[ASSIGNMENT] An exact copy of all the data is needed, with every picture left out.

[DATA SECTION]
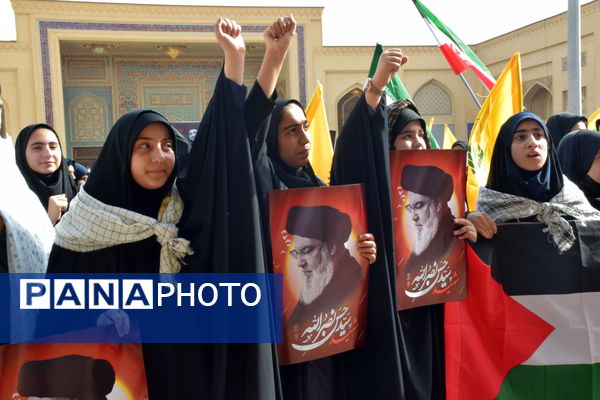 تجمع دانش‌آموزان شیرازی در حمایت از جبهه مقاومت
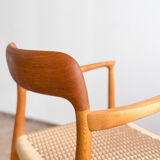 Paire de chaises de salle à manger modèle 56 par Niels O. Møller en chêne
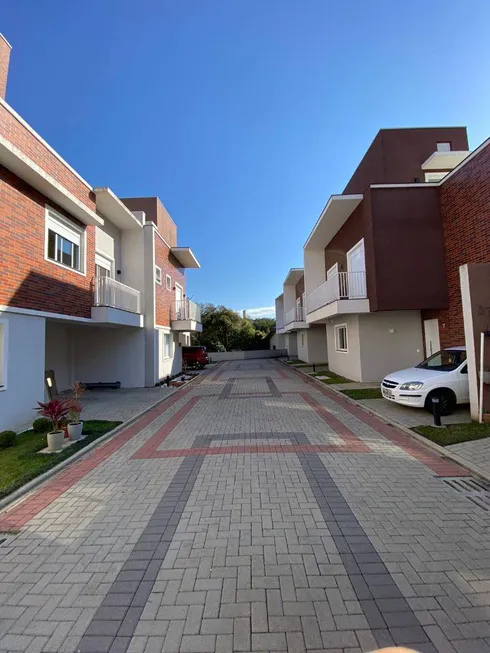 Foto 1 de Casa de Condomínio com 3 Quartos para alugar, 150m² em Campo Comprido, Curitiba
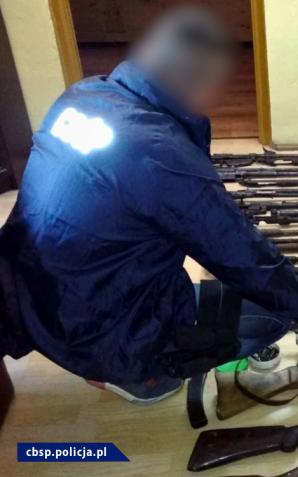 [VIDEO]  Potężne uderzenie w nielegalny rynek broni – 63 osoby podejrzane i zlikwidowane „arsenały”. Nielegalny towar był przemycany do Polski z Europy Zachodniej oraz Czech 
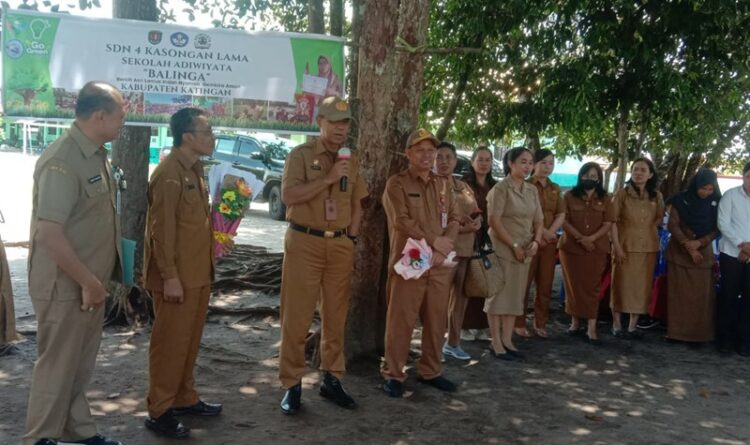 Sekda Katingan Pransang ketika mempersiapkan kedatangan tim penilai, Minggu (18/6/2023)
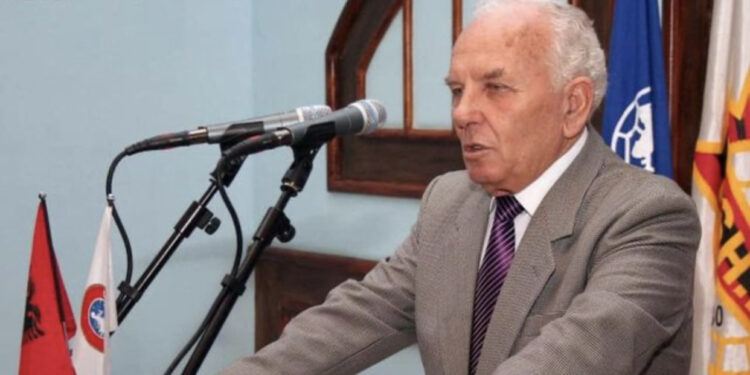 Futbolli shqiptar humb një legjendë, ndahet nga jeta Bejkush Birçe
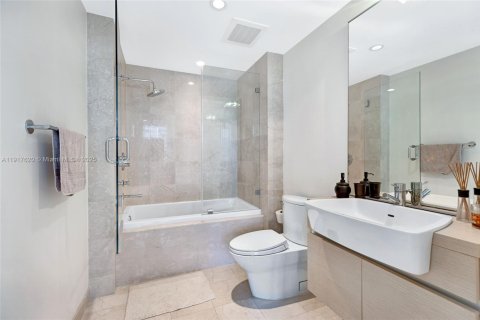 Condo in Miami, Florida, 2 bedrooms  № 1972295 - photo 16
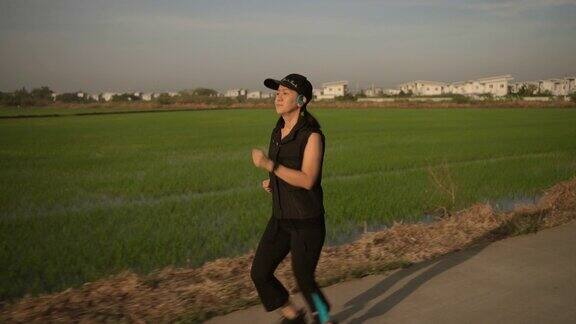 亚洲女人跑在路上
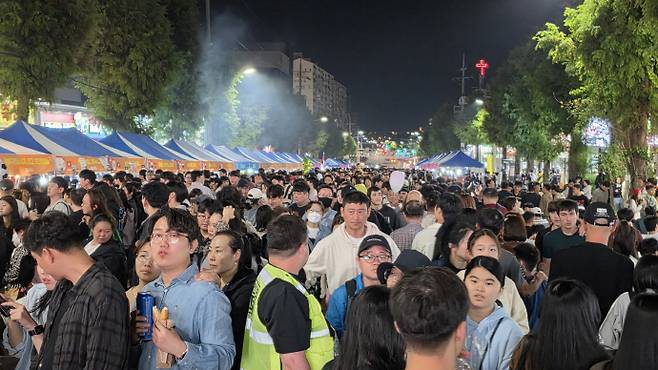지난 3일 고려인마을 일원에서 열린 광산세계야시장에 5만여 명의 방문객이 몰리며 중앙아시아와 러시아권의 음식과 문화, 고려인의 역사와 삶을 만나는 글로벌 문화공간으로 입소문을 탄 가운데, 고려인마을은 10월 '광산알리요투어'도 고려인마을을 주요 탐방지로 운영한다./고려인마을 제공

[EXERCISE RESPONSE]
 تجمع دانش‌آموزان شیرازی در حمایت از جبهه مقاومت
 Paire de chaises de salle à manger modèle 56 par Niels O. Møller en chêne
 Foto 1 de Casa de Condomínio com 3 Quartos para alugar, 150m² em Campo Comprido, Curitiba
 [VIDEO]  Potężne uderzenie w nielegalny rynek broni – 63 osoby podejrzane i zlikwidowane „arsenały”. Nielegalny towar był przemycany do Polski z Europy Zachodniej oraz Czech 
 Sekda Katingan Pransang ketika mempersiapkan kedatangan tim penilai, Minggu (18/6/2023)
 Futbolli shqiptar humb një legjendë, ndahet nga jeta Bejkush Birçe
 Condo in Miami, Florida, 2 bedrooms  № 1972295 - photo 16
 亚洲女人跑在路上
지난 3일 고려인마을 일원에서 열린 광산세계야시장에 5만여 명의 방문객이 몰리며 중앙아시아와 러시아권의 음식과 문화, 고려인의 역사와 삶을 만나는 글로벌 문화공간으로 입소문을 탄 가운데, 고려인마을은 10월 '광산알리요투어'도 고려인마을을 주요 탐방지로 운영한다./고려인마을 제공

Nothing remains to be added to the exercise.